Alors que les Capriles, López et autres têtes de l’opposition sont perçus comme des hommes du passé, Guaidó, qui n’est cependant pas un novice en politique, surgit à 35 ans sur la scène publique comme un acteur neuf, susceptible de dépasser les constantes divisions des anti-chavistes. Le gouvernement a donné un bon coup de main à son ascension inattendue quand des policiers cagoulés organisent son enlèvement, le 13 janvier, sur une voie très fréquentée. Un mobile a tout filmé, les réseaux sociaux s’enflamment, les chancelleries étrangères condamnent. Guaidó est relâché une heure plus tard. « Avec l’impact qu’a provoqué son autoproclamation, une nouvelle arrestation est difficilement imaginable », estime le même observateur, qui voit une forme de « printemps vénézuélien » en cours.

Avec une spontanéité tout apparente, juge pour sa part Christophe Ventura : pour le chercheur associé à l’Institut de relations internationales et stratégiques (Iris), la proclamation du 23 janvier est l’aboutissement d’une stratégie concertée, élaborée depuis des mois par l’opposition avec l’appui des 14 pays latino-américains du « Groupe de Lima », créé en août 2017 pour faire pression sur Maduro dans la perspective de trouver une issue démocratique et pacifique à la crise vénézuélienne, « et avec le soutien très actif des États-Unis, même s’il est abusif de présenter Guaidó comme “l’homme de Washington” ».

Plongé depuis des mois dans l’apathie et la désespérance, le Venezuela vient soudain de basculer dans l’incertitude la plus complète, jugent tous les observateurs. « L’hypothèse la plus évidente pour la suite est hélas la plus périlleuse, convient Christophe Ventura.
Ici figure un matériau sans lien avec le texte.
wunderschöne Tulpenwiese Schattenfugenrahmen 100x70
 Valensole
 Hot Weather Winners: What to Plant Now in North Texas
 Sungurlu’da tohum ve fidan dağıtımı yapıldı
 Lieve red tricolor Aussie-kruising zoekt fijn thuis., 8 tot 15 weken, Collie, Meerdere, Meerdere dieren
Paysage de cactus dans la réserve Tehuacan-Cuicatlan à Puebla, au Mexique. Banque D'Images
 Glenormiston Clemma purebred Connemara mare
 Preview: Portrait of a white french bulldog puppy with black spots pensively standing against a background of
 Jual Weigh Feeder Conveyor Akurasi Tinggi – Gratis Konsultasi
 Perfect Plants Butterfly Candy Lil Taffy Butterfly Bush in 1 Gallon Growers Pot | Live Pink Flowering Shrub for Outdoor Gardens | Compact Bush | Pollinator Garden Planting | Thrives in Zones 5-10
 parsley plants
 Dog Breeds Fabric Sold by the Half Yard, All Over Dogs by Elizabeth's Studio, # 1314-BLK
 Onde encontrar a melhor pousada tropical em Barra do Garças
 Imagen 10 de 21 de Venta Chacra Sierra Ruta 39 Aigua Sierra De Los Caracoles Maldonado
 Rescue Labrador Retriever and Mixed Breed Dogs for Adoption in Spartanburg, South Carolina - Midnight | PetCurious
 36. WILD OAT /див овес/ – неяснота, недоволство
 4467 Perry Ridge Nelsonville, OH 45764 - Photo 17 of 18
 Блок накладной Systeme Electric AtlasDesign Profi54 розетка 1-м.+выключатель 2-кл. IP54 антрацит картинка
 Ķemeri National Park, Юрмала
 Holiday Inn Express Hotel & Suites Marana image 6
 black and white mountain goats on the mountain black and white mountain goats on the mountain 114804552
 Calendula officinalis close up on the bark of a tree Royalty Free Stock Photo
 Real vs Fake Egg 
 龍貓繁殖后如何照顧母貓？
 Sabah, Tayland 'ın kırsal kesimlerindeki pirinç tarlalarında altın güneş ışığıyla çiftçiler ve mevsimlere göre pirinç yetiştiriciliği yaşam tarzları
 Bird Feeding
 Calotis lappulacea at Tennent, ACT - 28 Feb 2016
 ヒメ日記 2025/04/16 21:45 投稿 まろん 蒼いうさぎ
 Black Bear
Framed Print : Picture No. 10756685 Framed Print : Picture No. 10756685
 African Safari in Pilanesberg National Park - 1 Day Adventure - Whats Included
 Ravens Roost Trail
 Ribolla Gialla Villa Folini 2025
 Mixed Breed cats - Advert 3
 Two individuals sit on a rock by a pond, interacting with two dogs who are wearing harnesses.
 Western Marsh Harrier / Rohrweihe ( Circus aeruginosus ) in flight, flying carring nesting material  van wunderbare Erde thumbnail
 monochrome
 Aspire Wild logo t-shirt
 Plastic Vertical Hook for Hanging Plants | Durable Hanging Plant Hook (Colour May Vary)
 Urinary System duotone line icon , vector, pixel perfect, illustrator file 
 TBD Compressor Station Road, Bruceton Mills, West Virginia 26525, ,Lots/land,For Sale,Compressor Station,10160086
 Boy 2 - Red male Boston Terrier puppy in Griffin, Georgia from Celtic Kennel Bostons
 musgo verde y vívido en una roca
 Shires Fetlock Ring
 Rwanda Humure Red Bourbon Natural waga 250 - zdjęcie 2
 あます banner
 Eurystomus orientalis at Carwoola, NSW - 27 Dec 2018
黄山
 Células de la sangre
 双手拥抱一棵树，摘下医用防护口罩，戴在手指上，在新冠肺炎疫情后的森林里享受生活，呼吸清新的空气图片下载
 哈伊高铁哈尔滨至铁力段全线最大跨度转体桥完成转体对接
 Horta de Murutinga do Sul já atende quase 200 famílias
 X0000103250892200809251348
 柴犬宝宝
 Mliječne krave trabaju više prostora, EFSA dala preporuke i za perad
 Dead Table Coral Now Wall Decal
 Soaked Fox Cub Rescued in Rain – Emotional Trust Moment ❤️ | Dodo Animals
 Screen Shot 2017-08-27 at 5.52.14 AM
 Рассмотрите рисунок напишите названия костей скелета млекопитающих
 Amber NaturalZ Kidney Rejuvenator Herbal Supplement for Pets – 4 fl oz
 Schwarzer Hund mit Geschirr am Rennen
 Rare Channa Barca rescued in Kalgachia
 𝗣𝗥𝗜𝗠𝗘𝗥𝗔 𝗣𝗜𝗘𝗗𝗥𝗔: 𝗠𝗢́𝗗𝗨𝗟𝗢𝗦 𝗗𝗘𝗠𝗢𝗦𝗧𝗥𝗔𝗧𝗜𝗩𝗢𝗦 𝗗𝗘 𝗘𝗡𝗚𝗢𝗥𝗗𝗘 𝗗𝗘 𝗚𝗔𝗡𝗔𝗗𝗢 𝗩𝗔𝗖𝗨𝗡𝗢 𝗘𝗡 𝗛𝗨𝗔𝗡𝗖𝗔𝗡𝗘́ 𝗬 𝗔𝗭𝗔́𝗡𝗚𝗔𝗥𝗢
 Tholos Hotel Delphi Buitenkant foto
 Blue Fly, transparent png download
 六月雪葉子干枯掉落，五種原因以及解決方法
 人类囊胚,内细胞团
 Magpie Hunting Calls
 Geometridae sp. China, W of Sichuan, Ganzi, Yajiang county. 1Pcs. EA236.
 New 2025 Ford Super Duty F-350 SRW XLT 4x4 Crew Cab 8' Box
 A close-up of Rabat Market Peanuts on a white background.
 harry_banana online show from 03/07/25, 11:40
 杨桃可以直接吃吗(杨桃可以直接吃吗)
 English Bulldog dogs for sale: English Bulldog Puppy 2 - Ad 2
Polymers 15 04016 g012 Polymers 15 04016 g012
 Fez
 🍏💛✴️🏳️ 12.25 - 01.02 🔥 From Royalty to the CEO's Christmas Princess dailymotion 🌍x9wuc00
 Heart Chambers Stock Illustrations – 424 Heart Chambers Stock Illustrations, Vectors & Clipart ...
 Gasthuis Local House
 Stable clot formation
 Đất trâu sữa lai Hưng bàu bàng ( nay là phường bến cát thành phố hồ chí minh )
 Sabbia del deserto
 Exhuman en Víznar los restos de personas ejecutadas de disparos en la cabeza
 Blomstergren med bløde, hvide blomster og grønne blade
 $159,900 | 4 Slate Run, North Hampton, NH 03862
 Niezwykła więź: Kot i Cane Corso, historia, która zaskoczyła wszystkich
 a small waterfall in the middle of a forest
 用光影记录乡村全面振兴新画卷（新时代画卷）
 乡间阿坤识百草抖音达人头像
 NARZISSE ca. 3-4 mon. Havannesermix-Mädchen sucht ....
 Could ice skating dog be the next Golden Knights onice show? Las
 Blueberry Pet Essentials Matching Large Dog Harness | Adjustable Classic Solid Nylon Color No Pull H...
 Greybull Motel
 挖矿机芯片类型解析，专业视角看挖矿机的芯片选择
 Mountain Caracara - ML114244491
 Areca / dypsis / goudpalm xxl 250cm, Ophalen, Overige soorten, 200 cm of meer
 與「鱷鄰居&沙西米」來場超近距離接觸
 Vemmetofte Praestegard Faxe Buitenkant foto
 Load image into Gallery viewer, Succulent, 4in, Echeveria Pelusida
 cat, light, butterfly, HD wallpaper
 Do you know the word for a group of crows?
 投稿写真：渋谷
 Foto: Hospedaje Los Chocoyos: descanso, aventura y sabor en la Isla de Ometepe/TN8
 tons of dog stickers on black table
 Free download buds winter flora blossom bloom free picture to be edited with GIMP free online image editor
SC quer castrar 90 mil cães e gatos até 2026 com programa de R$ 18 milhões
Car plutôt que d’un “coup d’État”, c’est d’un gouvernement parallèle dont hérite le pays… déjà doté de deux organes législatifs ! C’est intenable, on va à la déflagration, possiblement une guerre civile… » Il ne croit guère à une intervention militaire extérieure, en dépit des rodomontades de Trump et des menaces colombiennes. « On n’en est pas du tout à ce stade. » La résistance aux velléités interventionnistes des États-Unis, de très mauvaise mémoire en Amérique latine, s’est fortement exprimée, notamment via la Russie et la Chine. L’intérêt géopolitique pour le pétrole – le Venezuela détient les plus grosses réserves du monde – et autres ressources naturelles n’y est pas étranger.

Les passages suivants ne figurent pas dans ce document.